Above shows the most common comorbid diseases with pneumonia: infiltration, edema, effusion, etc. The percentages show how many pneumonia cases were also labelled as another disease. Again, infiltration was the most common, appearing in 42% of pneumonia cases.

## 3. Exploration of image pixel data

### Healthy patients (no disease detected)

In [None]:
healthy_images = (
    annot_df[annot_df["no_finding"] == 1]
    .sample(100, random_state=random_seed)["image_name"]
    .tolist()
)
healthy_images_files = [
    img_file
    for img_file in xray_images_root.glob("**/*.png")
    if img_file.name in healthy_images
]

In [None]:
avg_healthy_image = np.mean(
    [np.array(Image.open(img_file).convert("L")) for img_file in healthy_images_files],
    axis=0,
)
plt.imshow(avg_healthy_image, cmap="gray", vmin=0, vmax=255)

While we can observe blurred edges and cavities probably due to sligh differences in patients, overall the lung area looks clear in healthy patients.

### Pneumonia patients

In [None]:
pneumonia_images = (
    annot_df[annot_df["pneumonia"] == 1]
    .sample(100, random_state=random_seed)["image_name"]
    .tolist()
)
pneumonia_images_files = [
    img_file
    for img_file in xray_images_root.glob("**/*.png")
    if img_file.name in pneumonia_images
]

In [None]:
avg_pneumonia_image = np.mean(
    [
        np.array(Image.open(img_file).convert("L"))
        for img_file in pneumonia_images_files
    ],
    axis=0,
)
plt.imshow(avg_pneumonia_image, cmap="gray", vmin=0, vmax=255)

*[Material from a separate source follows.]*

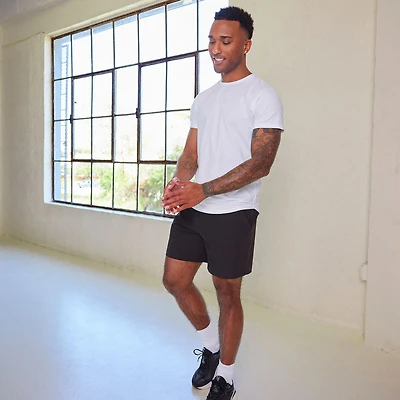 CSG Active 7" Everyday Woven Shorts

Compared to healthy patients, we can see that the lung area is significantly more opaque. This suggests that on average, pneumonia patients show white spots in their lungs, as expected.

## 4. Summary and conclusions

In [None]:
annot_df.to_csv(data_root.joinpath("processed_annotations.csv"), index=False)

Given the exploratory data analysis above, we will be using the processed sample annotations to train a classifier machine learning model to output a probability of whether pneumonia is present or absent in a given x-ray image.

We should ensure that patients are separated into training and validation sets to avoid data leakage. Moreover, other metadata such as gender and age should also be equally distributed in each set.